◆ WHAT IS REQUIRED:
Please copy the data exactly as it stands, minus the images.

◆ COLLECTED MATERIAL:
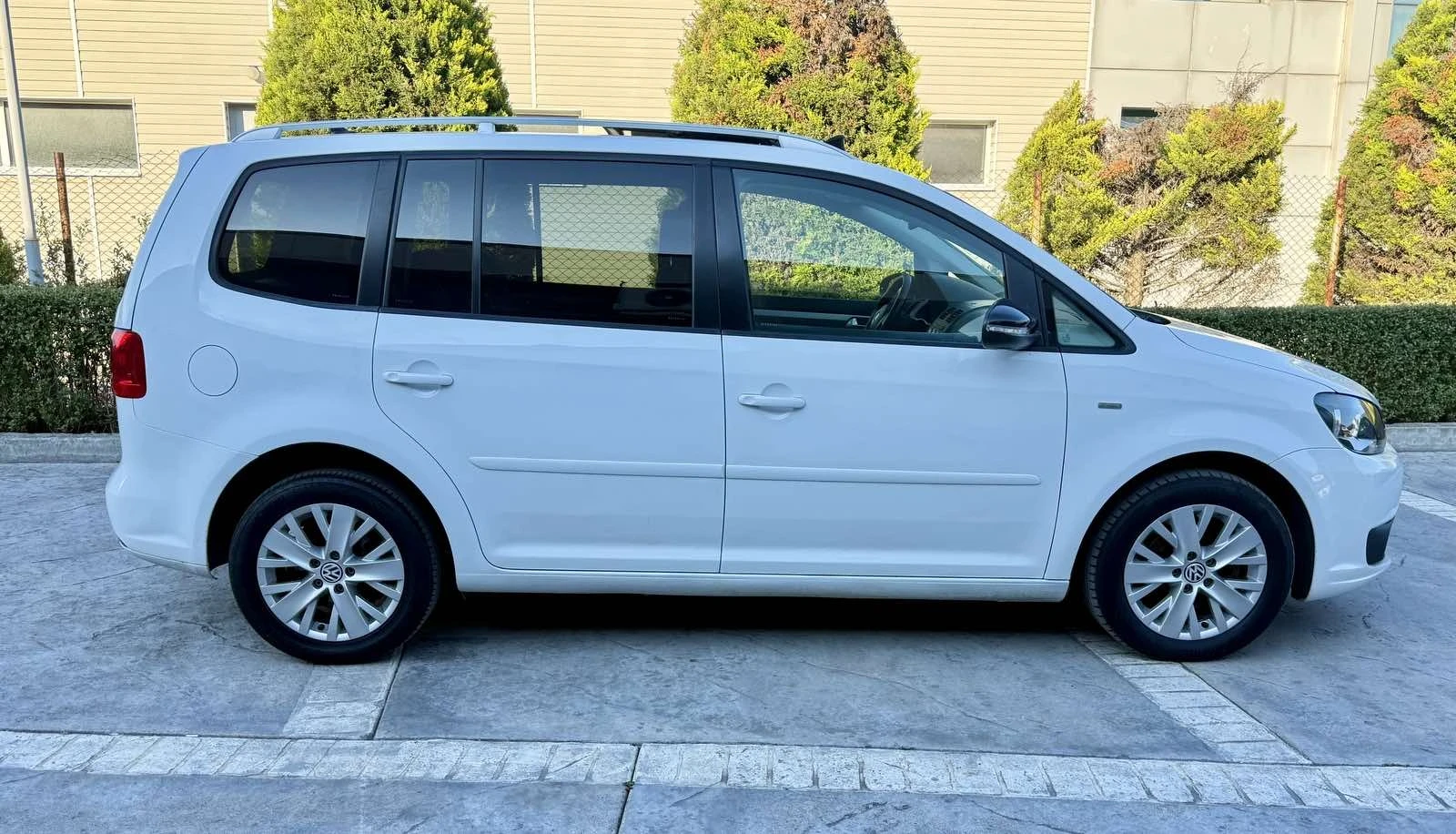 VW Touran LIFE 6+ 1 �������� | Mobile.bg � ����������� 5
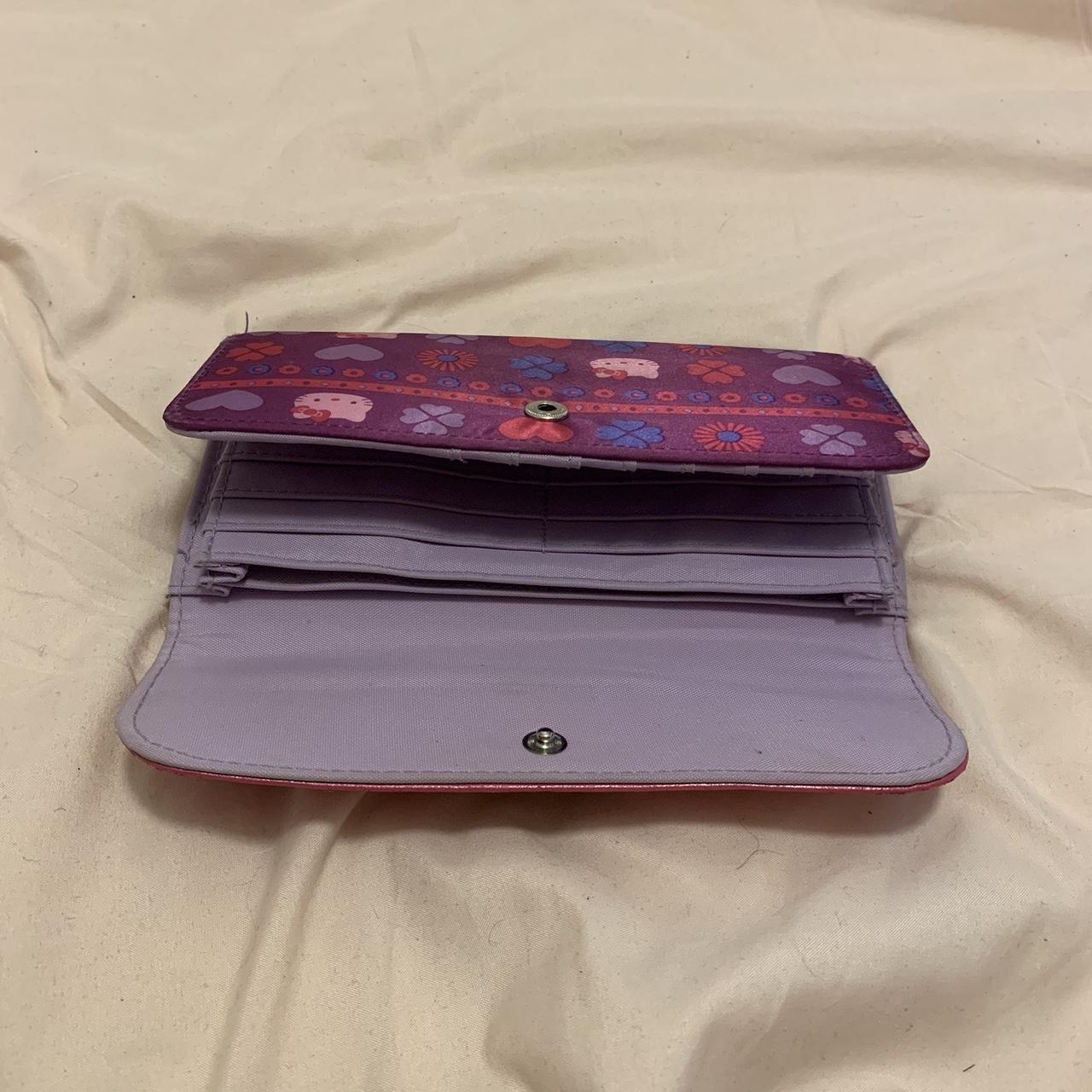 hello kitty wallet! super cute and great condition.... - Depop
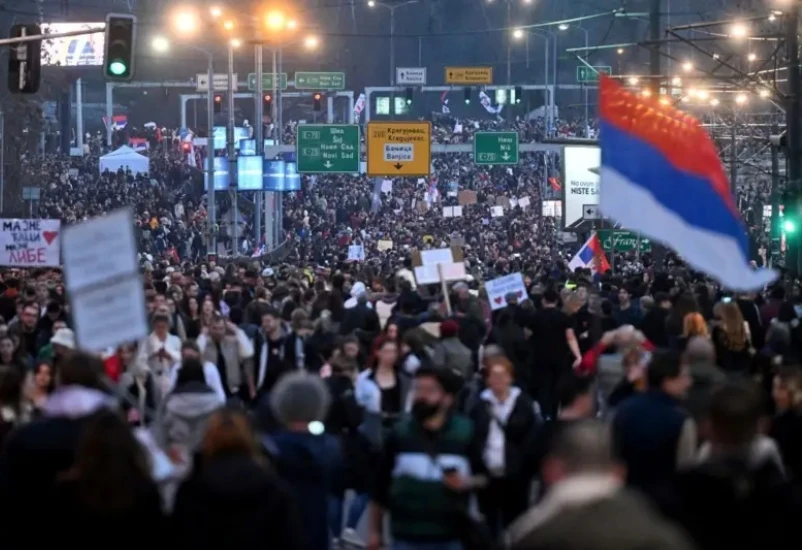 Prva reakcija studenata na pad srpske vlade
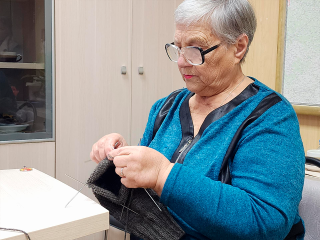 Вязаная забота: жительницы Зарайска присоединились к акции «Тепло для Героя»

◆ TASK OUTPUT:
 VW Touran LIFE 6+ 1 �������� | Mobile.bg � ����������� 5
 hello kitty wallet! super cute and great condition.... - Depop
 Prva reakcija studenata na pad srpske vlade
 Вязаная забота: жительницы Зарайска присоединились к акции «Тепло для Героя»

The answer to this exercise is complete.